╭─ Material for this task

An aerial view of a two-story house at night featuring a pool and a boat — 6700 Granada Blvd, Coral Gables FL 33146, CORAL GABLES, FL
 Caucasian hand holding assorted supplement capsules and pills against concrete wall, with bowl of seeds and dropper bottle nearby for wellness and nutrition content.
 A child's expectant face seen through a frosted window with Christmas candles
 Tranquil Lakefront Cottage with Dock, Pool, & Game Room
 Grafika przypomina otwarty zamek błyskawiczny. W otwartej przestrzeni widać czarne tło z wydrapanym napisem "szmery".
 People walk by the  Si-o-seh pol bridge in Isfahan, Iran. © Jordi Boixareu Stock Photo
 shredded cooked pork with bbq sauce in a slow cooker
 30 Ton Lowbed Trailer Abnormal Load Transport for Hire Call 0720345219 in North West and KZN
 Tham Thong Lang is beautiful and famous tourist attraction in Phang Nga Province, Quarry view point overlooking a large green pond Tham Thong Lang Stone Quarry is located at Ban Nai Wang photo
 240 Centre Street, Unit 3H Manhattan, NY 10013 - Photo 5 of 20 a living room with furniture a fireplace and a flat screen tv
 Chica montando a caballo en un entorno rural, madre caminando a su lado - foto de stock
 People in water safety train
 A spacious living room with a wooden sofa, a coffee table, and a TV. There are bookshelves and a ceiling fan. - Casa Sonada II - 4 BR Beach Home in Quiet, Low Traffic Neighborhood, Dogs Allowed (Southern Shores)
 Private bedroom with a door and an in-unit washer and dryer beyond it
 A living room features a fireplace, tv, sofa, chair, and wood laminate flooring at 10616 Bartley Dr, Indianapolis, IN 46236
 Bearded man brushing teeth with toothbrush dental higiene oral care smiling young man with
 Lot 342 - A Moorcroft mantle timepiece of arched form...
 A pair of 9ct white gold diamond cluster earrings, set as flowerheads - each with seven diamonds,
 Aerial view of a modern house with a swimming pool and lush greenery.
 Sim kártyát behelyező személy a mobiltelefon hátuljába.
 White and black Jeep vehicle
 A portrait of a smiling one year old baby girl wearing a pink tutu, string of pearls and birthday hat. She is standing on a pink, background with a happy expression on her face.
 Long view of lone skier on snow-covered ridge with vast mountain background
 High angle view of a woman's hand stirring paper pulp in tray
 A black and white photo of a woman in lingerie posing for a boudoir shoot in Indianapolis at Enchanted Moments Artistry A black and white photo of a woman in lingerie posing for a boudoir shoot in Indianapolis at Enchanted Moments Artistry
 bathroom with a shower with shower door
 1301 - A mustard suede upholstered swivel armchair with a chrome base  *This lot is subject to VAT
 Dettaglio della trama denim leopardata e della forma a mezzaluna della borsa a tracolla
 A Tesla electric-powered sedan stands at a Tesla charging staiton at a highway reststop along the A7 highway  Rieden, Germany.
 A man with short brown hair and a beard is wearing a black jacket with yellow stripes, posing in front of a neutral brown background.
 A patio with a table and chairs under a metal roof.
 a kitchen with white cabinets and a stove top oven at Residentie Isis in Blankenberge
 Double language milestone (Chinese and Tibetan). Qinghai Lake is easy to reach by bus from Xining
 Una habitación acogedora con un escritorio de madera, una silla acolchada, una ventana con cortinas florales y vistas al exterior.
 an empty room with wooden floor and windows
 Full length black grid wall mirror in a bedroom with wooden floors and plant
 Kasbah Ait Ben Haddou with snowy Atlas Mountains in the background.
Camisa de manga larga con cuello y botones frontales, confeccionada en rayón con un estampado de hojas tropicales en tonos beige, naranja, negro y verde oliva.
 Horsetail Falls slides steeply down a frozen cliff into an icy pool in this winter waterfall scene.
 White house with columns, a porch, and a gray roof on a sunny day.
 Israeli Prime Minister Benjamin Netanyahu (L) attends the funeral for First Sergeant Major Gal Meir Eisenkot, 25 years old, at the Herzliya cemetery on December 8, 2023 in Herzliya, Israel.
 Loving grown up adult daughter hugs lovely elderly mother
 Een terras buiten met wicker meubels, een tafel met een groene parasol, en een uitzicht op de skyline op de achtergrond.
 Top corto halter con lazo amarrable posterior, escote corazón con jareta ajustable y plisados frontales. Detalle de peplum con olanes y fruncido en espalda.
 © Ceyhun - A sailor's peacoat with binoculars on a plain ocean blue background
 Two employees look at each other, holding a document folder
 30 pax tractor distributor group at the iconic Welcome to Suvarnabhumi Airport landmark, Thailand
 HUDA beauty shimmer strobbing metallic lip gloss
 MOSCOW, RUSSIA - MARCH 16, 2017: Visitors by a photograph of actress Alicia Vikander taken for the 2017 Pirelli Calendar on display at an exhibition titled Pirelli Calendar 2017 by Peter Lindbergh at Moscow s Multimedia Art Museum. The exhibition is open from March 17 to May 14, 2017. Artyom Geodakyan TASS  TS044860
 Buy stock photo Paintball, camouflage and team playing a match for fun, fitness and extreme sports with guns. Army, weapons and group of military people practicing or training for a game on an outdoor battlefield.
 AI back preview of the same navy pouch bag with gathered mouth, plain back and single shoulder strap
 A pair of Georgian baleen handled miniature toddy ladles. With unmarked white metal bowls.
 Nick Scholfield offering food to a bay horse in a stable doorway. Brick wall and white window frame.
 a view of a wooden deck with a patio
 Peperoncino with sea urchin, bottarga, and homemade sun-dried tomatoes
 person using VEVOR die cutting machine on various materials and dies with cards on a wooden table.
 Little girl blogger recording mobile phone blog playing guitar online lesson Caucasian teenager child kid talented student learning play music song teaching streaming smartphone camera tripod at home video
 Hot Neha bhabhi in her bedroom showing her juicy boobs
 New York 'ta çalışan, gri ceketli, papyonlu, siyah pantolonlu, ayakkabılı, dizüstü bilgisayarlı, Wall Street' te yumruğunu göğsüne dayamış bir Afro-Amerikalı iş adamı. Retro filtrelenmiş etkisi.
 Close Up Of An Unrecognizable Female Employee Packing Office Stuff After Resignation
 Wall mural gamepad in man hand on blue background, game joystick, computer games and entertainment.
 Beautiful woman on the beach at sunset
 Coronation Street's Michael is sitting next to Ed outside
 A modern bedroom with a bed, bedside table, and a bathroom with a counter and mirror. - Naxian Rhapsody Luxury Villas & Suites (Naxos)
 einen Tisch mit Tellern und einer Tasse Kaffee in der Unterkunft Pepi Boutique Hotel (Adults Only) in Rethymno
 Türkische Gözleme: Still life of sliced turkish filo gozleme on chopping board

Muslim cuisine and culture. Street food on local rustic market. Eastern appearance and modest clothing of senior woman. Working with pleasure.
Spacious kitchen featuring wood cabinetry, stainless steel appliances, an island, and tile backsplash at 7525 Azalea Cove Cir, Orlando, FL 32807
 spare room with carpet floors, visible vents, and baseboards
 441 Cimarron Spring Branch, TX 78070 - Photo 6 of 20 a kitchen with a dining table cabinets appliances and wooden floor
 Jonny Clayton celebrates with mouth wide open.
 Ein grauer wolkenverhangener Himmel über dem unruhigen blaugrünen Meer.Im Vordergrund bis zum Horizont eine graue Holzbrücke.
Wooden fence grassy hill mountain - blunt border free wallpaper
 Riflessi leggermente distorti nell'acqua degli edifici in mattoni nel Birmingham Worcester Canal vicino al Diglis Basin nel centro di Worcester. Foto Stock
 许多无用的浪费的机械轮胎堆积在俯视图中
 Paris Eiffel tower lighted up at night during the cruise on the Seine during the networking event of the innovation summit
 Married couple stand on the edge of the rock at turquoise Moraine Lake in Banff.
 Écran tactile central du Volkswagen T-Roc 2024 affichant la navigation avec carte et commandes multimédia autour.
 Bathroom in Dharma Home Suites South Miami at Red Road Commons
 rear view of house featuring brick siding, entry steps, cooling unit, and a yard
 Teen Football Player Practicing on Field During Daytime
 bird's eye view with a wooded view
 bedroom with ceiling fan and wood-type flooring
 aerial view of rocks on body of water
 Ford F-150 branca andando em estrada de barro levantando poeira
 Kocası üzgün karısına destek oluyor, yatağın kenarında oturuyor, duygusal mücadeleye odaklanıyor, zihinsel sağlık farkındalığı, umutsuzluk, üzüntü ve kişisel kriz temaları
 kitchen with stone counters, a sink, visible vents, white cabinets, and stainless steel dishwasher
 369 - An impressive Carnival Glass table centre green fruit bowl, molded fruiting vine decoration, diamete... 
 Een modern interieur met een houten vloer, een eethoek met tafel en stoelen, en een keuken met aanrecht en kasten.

╰─

= Goal of the exercise =
For every line of the material above that contains the word "group", show the line.

= Exercise response =
 30 pax tractor distributor group at the iconic Welcome to Suvarnabhumi Airport landmark, Thailand
 Buy stock photo Paintball, camouflage and team playing a match for fun, fitness and extreme sports with guns. Army, weapons and group of military people practicing or training for a game on an outdoor battlefield.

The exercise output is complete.